Jupiter’s Magnetic Field Is Unlike Anything We’ve Ever Seen, Finds New Juno Study
Jupiter’s magnetic field is truly unique, reveals a new study just published in the journal Nature. The gas giant, the biggest planet in our solar system, not only has the strongest magnetic field of all the other planets, but also the most unusual one.
“We find that Jupiter’s magnetic field is different from all other known planetary magnetic fields,” the authors wrote in their paper, based on recent observation made by NASA’s Juno spacecraft.
While Earth and Saturn have magnetic fields that resemble a bar magnet, with the magnetic flux emerging from the north pole and traveling across the planet to return to the south pole, that of Jupiter is a lot more complicated and actually looks even stranger than those of Neptune and Uranus — messy, weaker magnetic fields mirroring several crisscrossed bar magnets.
‘Split Personality’
What makes Jupiter’s magnetic field one-of-a-kind is that it seems to suffer from a case of “split personality,” reports Science News, boasting a non-dipolar northern hemisphere and an utterly dipolar southern hemisphere. More to the point, in Jupiter’s case the magnetic flux springs out from a narrow band near the north pole and returns to two separate spots instead of just one.

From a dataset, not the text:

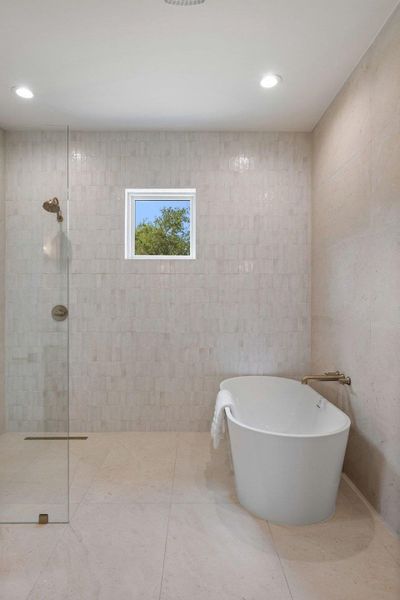 A freestanding soaking tub alongside a sleek glass-enclosed shower creates a spa-like retreat.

One of these spots is located in the proximity of the south pole, whereas the other one is found south of the planet’s equator and has been dubbed the Great Blue Spot — in relation to the south pole of a bar magnet, often imaged in blue.
This means that Jupiter’s magnetic field essentially has one north pole and two south poles, notes Popular Mechanics.
According to study lead author Kimberly Moore, a Ph.D. student at Harvard University in Cambridge, Massachusetts, the magnetic field around Jupiter is “a baffling puzzle.”
Its “hemispheric dichotomy,” as Gizmodo puts it, is more than surprising considering that, before Juno started orbiting Jupiter in 2016, astronomers believed the planet’s magnetic field was very similar to that of Earth.
Mapping Jupiter’s Magnetic Field
Until Juno began its scientific mission in the gas giant’s system, “our best maps of Jupiter’s field closely resembled Earth’s,” said Moore, who added that: “We were baffled at first, since the field Juno was showing us was nothing like we expected.”
Her team used Juno data to map Jupiter’s magnetic field at four separate depths, starting from the planet’s surface and working their way toward the interior. This led to the discovery of the narrow band at the planet’s north pole, as well as of the Great Blue Spot — unrelated to Jupiter’s iconic Great Red Spot, a massive hurricane that has been raging south of the planet’s equator for more than 3.5 centuries, the Inquisitr previously reported.
“Within Jupiter, most of the flux emerges from the dynamo region in a narrow band in the northern hemisphere, some of which returns through an intense, isolated flux patch near the equator. Elsewhere, the field is much weaker,” the scientists explained in the paper.
Jupiter's "baffling" magnetic field is unlike any other https://t.co/TuYMu9AoYQ pic.twitter.com/hP3ohyH2nx
— Gizmodo (@Gizmodo) September 5, 2018
These findings “complicate our picture of Jupiter’s interior,” said Moore, because they suggest that the planet could have a much more intricate internal structure than previously anticipated.
Possible Explanations For Jupiter’s Eccentric Magnetic Field
In order to explain the bizarre shape of Jupiter’s magnetic field, the researchers speculate that the gas giant’s core was subjected to extreme pressure and incredibly high temperatures. This could have made the hydrogen gas within the planet’s interior turn into liquid metallic hydrogen and become as electrically conductive as the molten metals that generate Earth’s magnetic field — a fluid layer of iron, nickel, and other metals wrapped around our planet’s inner core and measuring 1,242 miles in diameter, the Inquisitr previously reported.
As a result, Jupiter’s core “might have dissolved, and mixed with the inner half of the planet,” creating a convoluted magnetic field, said Moore.
Another possibility is that the mixture of hydrogen and helium which makes up Jupiter’s composition may have given rise to helium rains inside the planet, which “could alter the magnetic field,” she pointed out.
“Jupiter’s winds might also reach down to depths where there’s sufficient electrical conductivity to affect the field,” Moore described a third possible scenario.
Additional Juno observations could help settle the matter once and for all. The basketball court-sized spacecraft is scheduled to continue studying Jupiter until 2021, the Inquisitr recently reported, and is expected to beam back even more data on the gas giant’s peculiar magnetic field.
“There’s a lot more data to collect, so hopefully there will be more things to investigate,” said Moore. “The internal structures we propose are speculative. One, or multiple, or none could be true.”